Future CMO challenges

Thomas_Barta
By Thomas Barta
Last updated: January 22, 2012

What are the challenges facing CMOs? What are their worries? What ideas are available to help with these? IBM has news.

 

Once again, ‘Big Blue’ has lived up to its nickname: in the company’s first study of this kind, IBM consultants asked over 1,700 CMOs in 64 countries about their view of the challenges facing marketing. ‘From Stretched to Strengthened, Insights from the IBM Global Chief Marketing Officer (CMO) Study, 2011’ is one of the biggest CMO studies in recent years. The results reveal what many had suspected. According to IBM’s Senior Vice President of Marketing & Communications, Jon Iwata, the biggest challenges faced by today’s CMOs are an explosion of data, social media, the proliferation of channels and devices, and shifting consumer demographics. Exciting revelations can also be found by reading between the lines of the study.

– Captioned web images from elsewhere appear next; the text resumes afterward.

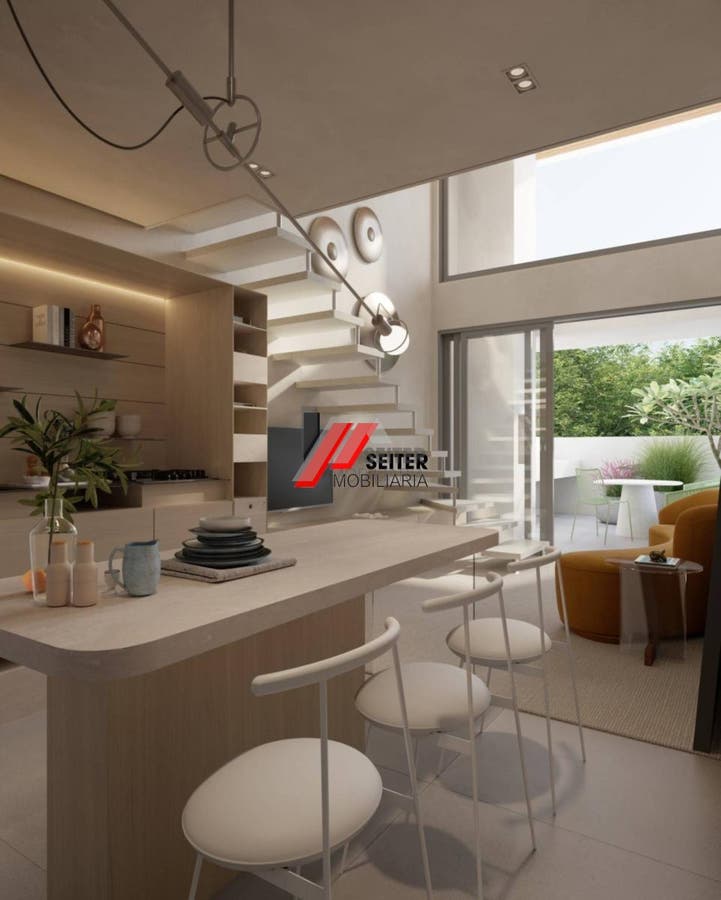 Apartamento para venda sendo 1 suíte mais lavabo com área privativa de 46m2 em Santo Antônio de Lisboa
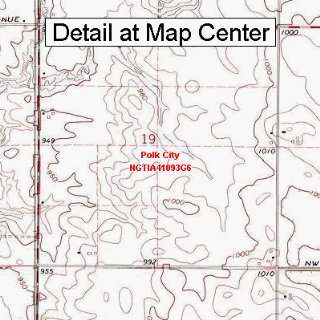 USGS Topographic Quadrangle Map   Polk City, Iowa (Folded/Waterproof)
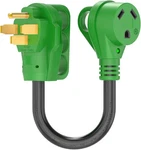Rvguard Amp To Adapter Cord 12 Inch, Nema 14-50P TT-30R, Do. Fixed Price $30.58.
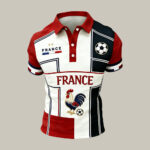 France FIFA World Cup 2026 Rooster Polo Shirt World Cup Attire Soccer Lover For Husband.jpeg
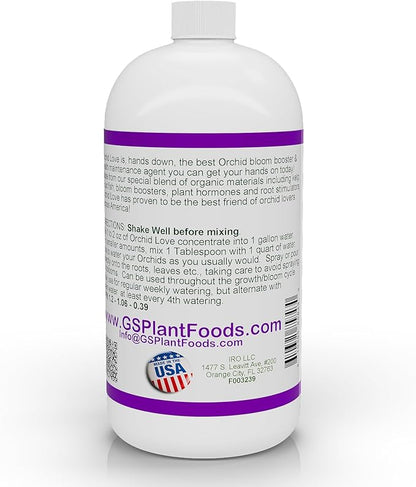 Orchid Love- The World's Greatest Orchid Food!(Net 32 fl oz. concentrate: yields 16 to 32 gallons)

The IBM consultants have drawn the following overall conclusions:

The most proactive CMOs are trying to understand individuals as well as markets. Customer intimacy is crucial — and CEOs know it. In IBM’s last CEO study, they learned CEOs regard getting closer to customers as one of three prerequisites for success in the twenty-first century. This sits squarely in the CMO’s domain. But the advent of social media is challenging older, mass-marketing assumptions, skill sets and approaches. CMOs everywhere are acutely aware of the distance they have to cover. In addition to using traditional information sources, such as market research and competitive bench-marking, the most proactive CMOs are mining new digital data sources to discover what individual customers and citizens want.

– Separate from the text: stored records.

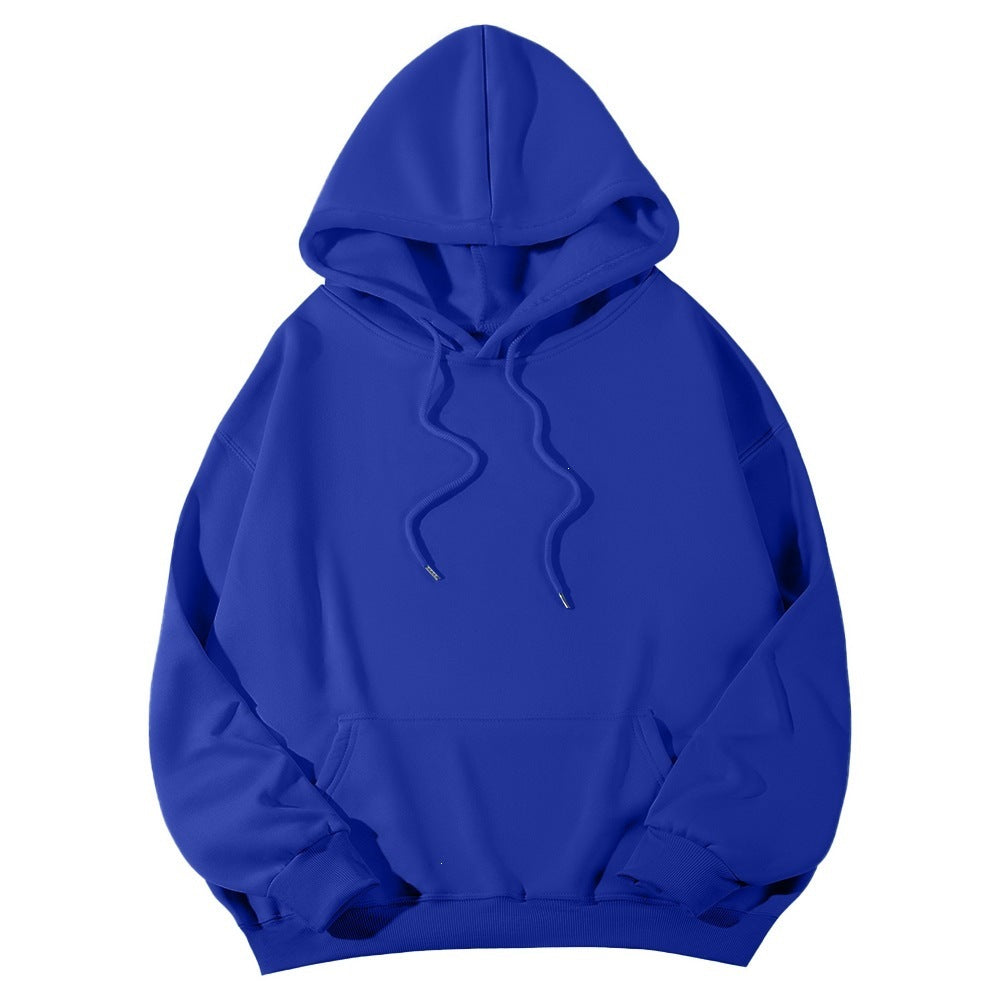 Unisex minimalistischer Kapuzenpullover mit verlängertem Rücken und Kängurutasche Echo Archiv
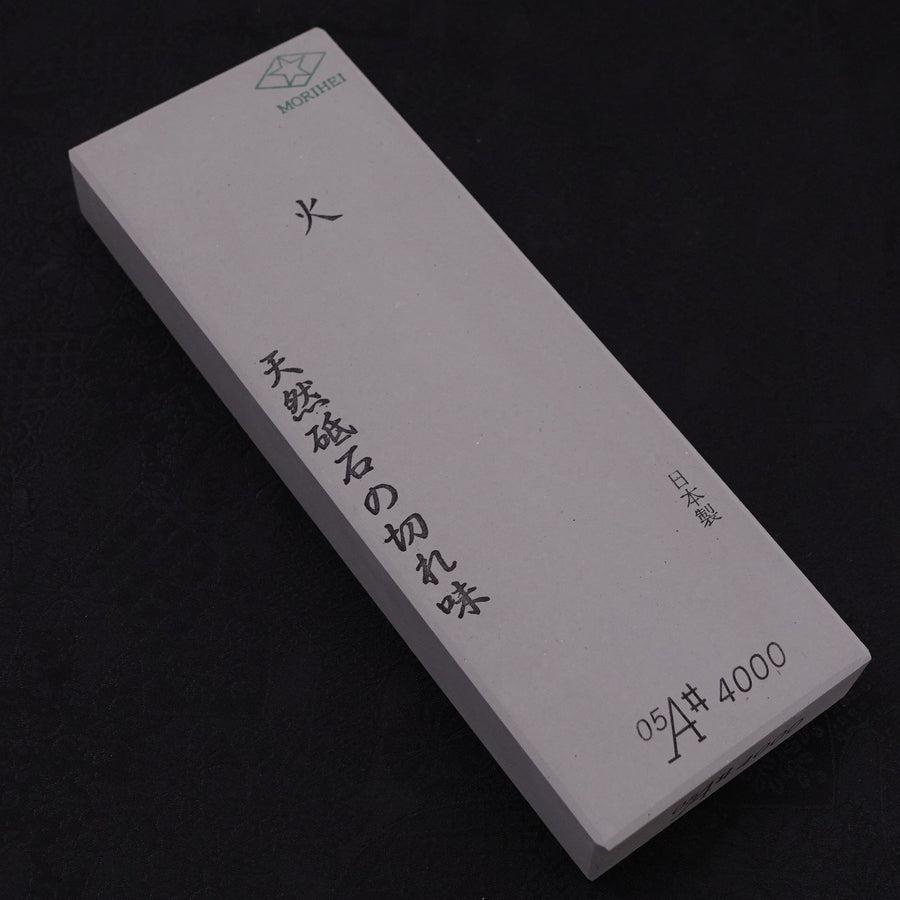 Premium 4000 Grit Whetstone Sharpening Stone - Natural Stone Mix for Knives, Tools & Blades - Perfect for Home Kitchen, Camping & Professional Use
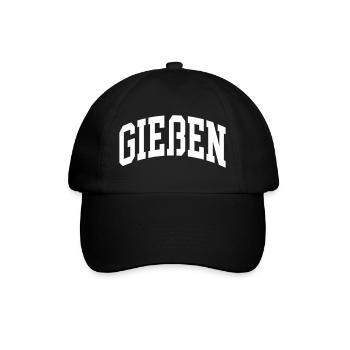 Gießen - Baseballkappe - Schwarz/Schwarz - Vorne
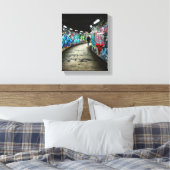 Subway Graffiti Art Leinwanddruck (Insitu (Schlafzimmer))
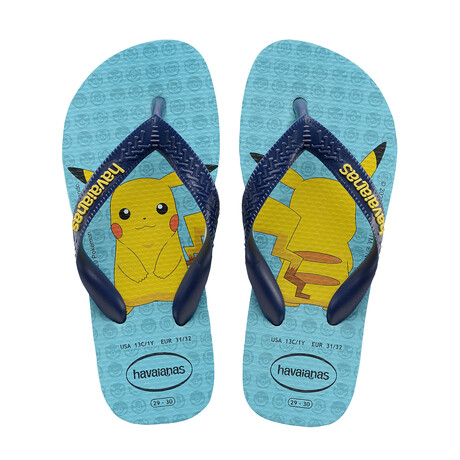 Top Pokémon Sandal // Blue (Men's US Size 7/8)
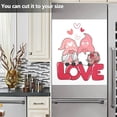 thumbnail image 6 of Cute Valentine's Day Gnome Elf Dishwasher Magnet Cover Front Door Decorative Refrigerator Covers Magnetic Sheet Sticker Wash Machine Fridge Panel Decal for Kitchen Appliance 23x26 in, 6 of 6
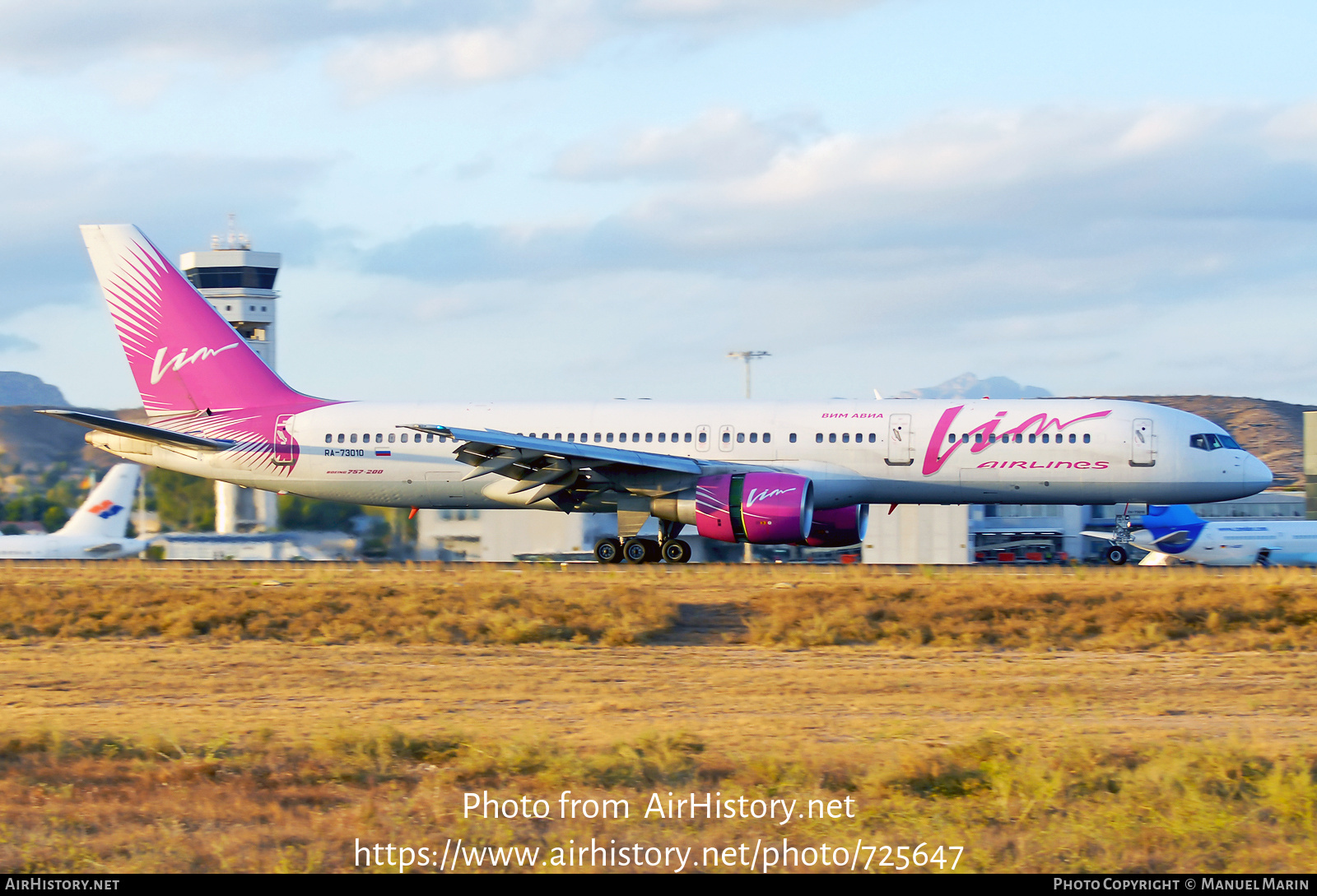 Aircraft Photo of RA-73010 | Boeing 757-230 | VIM Airlines | AirHistory.net #725647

CMOs in the most successful enterprises are focusing on relationships, not just transactions. They are using data to stimulate interest in their organizations’ offerings and form bonds with customers to a much greater extent than their peers in less successful enterprises. The outperformers are committed to developing a clear “corporate character.” CMOs in such organizations recognize that what a business believes, and how it subsequently behaves, are as important as what it sells. And they make it their job to help management and employees exemplify the company’s values and purpose.

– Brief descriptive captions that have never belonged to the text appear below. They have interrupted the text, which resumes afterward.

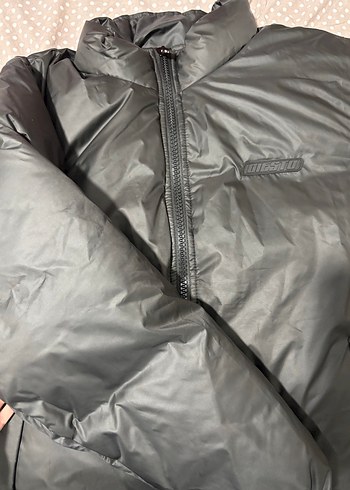 Siyah Yüksek Yakalı Rahat Erkek Mont - Görsel 3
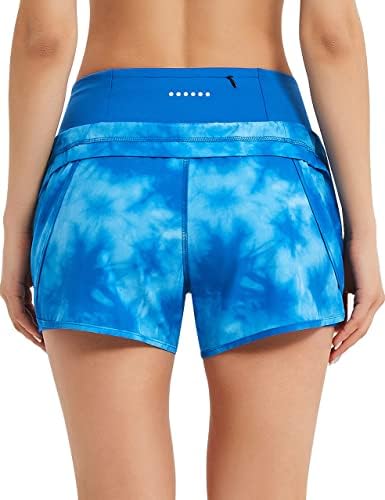 KPSUN נשים 2 ב 1 מכנסי אימון קצרים מהיר יבש נוח קיץ זורם ריצה ספורטיבית מכנסיים ספורטיביים עם כיס עם כיס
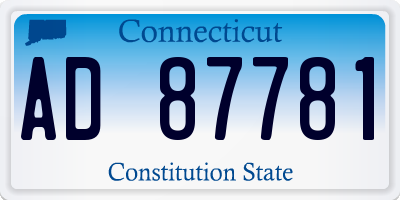 CT license plate AD87781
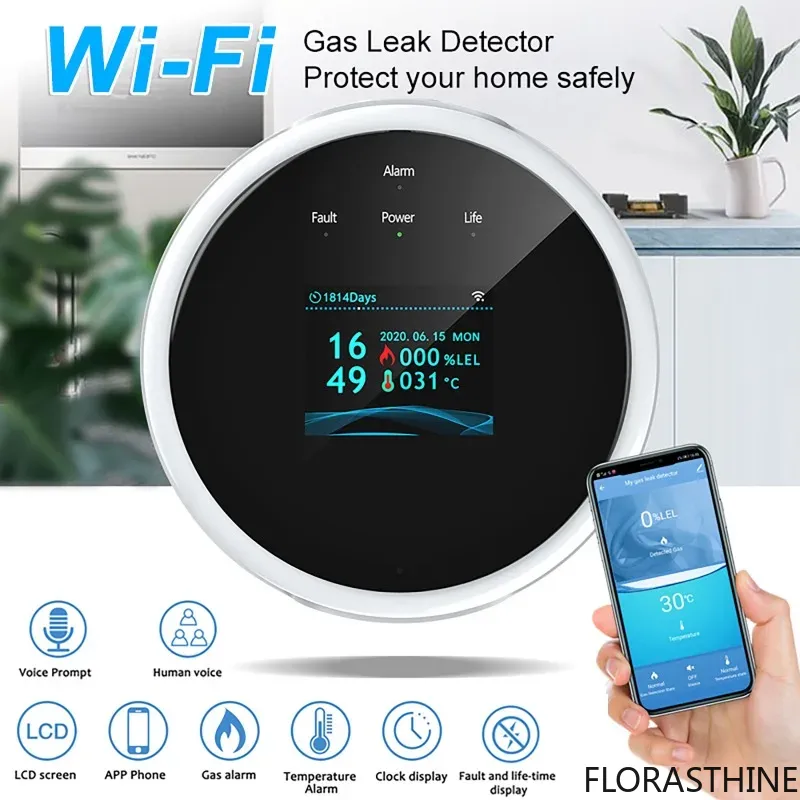 투야(Tuya) Wi-Fi 가스 누출 감지기, LPG  - Smart Gas Leak Detector Lpg 리뷰 및 가격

Most CMOs are struggling in one vital respect – return on investment (ROI). The study shows the measures used to evaluate marketing are changing. Nearly two-thirds of CMOs think return on marketing investment will be the primary measure of their effectiveness by 2015. But proving that value is difficult. Even among the most successful enterprises, half of all CMOs feel insufficiently prepared to provide hard numbers.

Leadership abilities are also valued by CMOs. Some 65% of CMOs listed leadership abilities as the most important for personal success in the next 3 to 5 years. In second and third place came voice of the customer insights (63%) and creative thinking (60%) respectively. So successful CMOs need to master new media while continuing to invest in their leadership abilities.

The CMO role remains an exciting one. IBM asks if the role is “Swimming, treading water or drowning?” We are sure that CMOs are good swimmers.